We find that exposure to AI in workplaces has a statistically significant and positive but minor effect on workers’ hourly wages.This may be due to more profound but opposing influences of different types of AI and their applications. Whether artificial intelligence improves or undermines workers’ incomes is therefore largely determined by whether AI supports or replaces the tasks they perform.

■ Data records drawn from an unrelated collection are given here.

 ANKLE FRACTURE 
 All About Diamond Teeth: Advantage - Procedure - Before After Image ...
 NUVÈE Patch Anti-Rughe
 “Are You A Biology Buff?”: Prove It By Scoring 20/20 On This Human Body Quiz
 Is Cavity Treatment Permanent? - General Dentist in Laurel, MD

More specifically, we calculate the percent change in hourly wages given a percent change in exposure to AI. (See Figure 3.)

Figure 3

Percent change in U.S. hourly wages due to percent change in AI exposure overall, then due to automation and augmentation

All else held equal, a percent increase in total AI exposure will, on average, predict an 0.5 percent increase in hourly wages. But, as seen in Figure 3 above, this relatively minimal overall effect of AI exposure on wages may conceal the larger effects of augmentation-driven or automation-driven AI use. When considered on its own, exposure to automative AI reduces wages by 2.3 percent, but this effect is simultaneously counteracted by augmentative AI exposure, which increases wages by 2.5 percent for every 1 percent increase in AI exposure.

These results are telling. Artificial Intelligence has the potential to improve some workers’ wages if it helps them do their jobs more effectively and efficiently. But AI is equally likely to reduce workers’ wages in areas where it can substitute for workers.

Conclusion

U.S. workers’ exposure to artificial intelligence, measured in terms of uses of Anthropic’s Claude.ai agent, has a still-ambiguous relationship with workers’ incomes. Different occupations’ exposure to the augmentative use of AI is positively correlated with higher wages, while exposure to its automative use is negatively correlated. Overall exposure is slightly positively correlated with earnings.

Corroborating earlier work from the Pew Research Center, we find meaningful differences in AI exposure along lines of gender, race, education, and income. Women tend to work more in highly exposed occupations compared to men, a relationship that holds across most racial groups. Workers with college educations and high incomes also tend to work in highly exposed occupations, trends that are persistent across race. White and Asian American workers overall tend to work more in highly exposed occupations, compared to Black and Hispanic workers.

Our new working paper advances the growing body of research on the continuing impacts of artificial intelligence on the U.S. labor market and suggests avenues for future exploration. Different types of AI use are likely to be deployed to differing effects, with some uses assisting human workers and other uses displacing human work altogether. Policymakers should be cognizant of these differences when regulating the development and workplace deployment of artificial intelligence.